Zassenhaus Formula and Error Generator Propagation Performance Improvements by coreyostrove · Pull Request #687 · sandialabs/pyGSTi

coreyostrove · 2025-11-19T06:00:32Z

This PR contains two mostly disjoint sets of updates for error generator propagation: an implementation of the Zassenhaus formula (up to second order), and performance improvements for linear sensitivities for probabilities and expectation values (and related functions).

Zassenhaus Formula:

The Zassenhaus formula is kind of like a dual to the well known BCH approximation.
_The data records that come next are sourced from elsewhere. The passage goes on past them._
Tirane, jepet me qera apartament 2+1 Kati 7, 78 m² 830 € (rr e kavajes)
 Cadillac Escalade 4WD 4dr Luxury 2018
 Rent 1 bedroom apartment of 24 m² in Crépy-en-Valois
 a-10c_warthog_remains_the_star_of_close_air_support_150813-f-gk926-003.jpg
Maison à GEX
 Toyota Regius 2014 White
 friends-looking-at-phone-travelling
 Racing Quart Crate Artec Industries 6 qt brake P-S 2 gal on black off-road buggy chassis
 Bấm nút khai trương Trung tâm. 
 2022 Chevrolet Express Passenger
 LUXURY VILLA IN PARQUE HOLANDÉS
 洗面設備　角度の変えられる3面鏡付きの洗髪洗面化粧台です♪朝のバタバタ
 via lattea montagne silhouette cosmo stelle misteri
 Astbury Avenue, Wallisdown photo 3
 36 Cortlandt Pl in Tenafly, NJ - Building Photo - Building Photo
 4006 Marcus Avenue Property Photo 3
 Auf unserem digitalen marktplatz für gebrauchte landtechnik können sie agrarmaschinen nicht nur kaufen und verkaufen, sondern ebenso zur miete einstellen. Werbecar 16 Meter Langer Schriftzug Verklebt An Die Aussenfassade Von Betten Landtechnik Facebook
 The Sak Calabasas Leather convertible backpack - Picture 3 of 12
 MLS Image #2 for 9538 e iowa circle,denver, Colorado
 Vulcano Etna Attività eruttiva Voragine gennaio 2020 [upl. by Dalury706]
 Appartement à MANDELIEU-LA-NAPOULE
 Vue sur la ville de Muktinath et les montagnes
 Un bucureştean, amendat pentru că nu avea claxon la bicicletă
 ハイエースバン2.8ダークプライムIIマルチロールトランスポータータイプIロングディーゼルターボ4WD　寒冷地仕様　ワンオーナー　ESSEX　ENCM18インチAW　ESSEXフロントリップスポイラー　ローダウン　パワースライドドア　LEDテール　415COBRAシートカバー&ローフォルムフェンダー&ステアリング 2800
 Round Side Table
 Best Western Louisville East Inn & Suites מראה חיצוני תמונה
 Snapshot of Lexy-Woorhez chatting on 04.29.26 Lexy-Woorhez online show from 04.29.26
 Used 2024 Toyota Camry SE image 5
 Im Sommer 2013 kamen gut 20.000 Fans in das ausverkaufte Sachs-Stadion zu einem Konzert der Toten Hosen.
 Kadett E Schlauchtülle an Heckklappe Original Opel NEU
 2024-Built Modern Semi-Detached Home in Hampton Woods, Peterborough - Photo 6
In a nutshell, it allows one to take an exponentiated sum of operators and write it as a product of single-exponentials with some multiplicative corrections:

$\exp(\sum_i A_i) = (\prod_i \exp(A_i)) (\prod_j \exp(C_j))$

Where the $C_j$ terms are Lie polynomials of order $j$ in the $A_i$s. At present I have only implemented the second-order correction term ($C_2$). I found a paper that had purported to derive the higher-order terms of the generalized Zassenhaus formula (99.9% of the time online only the special case for a sum of exactly two operators is given), but when I implemented and tested the third order term I concluded the published result wasn't correct and the mistake in it wasn't immediately obvious. So, if we ever want the third order or higher corrections we'll probably need to sit down and do the algebra ourselves. The basic idea is straightforward and I can describe how one would do so if they're in the mood for some tedious algebra. Conveniently, the second-order generalized Zassenhaus correction is exactly the same as the second-order Magnus expansion correction, so I've refactored that code to enable reuse.

The function for computing this is in errgenproptools.py, and some basic correctness tests have been added.

Performance Improvements for Linear Sensitivities:

A few weeks ago during a meeting we were talking about a computation which was being done that relied on the linear sensitivity (alpha) code and @jordanh6 proclaimed, and I quote, "the alpha code is obnoxiously slow!" Taking this as the assault on my pride it was I've been plotting my revenge ever since. Since I had this code fresh in my mind for the Zassenhaus thing I decided to piggyback off of that and enact my scheme. Changes include:

New functions, bulk_alpha and bulk_alpha_pauli, for computing linear sensitivities for a number of error generators and bitstrings/paulis all at once. This reduces overhead associated with instantiating stim.TableauSimulator instances and enables other economies of scale (see next bullet).
New bulk_phi function for computing a number of phi values all at once. A big part of the performance gains here come from performing some additional preprocessing caching intermediate results and identifying unique pauli effective pauli pairs to reduce redundancy.
Reduced copy overhead in amplitude_of_state by resetting the TableauSimulator after use rather than working on copies (much faster, it turns out).
Cythonization: All of the core subroutines, as well as bulk_alpha and bulk_alpha_pauli now have cythonized counterparts for even more efficiency. These are aliased in automatically when cython extensions have been built, and we still have fallback pure python implementations. For some of the subroutines, e.g. the pauli_phase_update function, the mostly C-code cython implementations are a couple orders of magnitude faster. For others (the bulk_alpha_pauli for example) the difference is meaningful but less stark (anywhere from a 20% improvement to a factor of 2).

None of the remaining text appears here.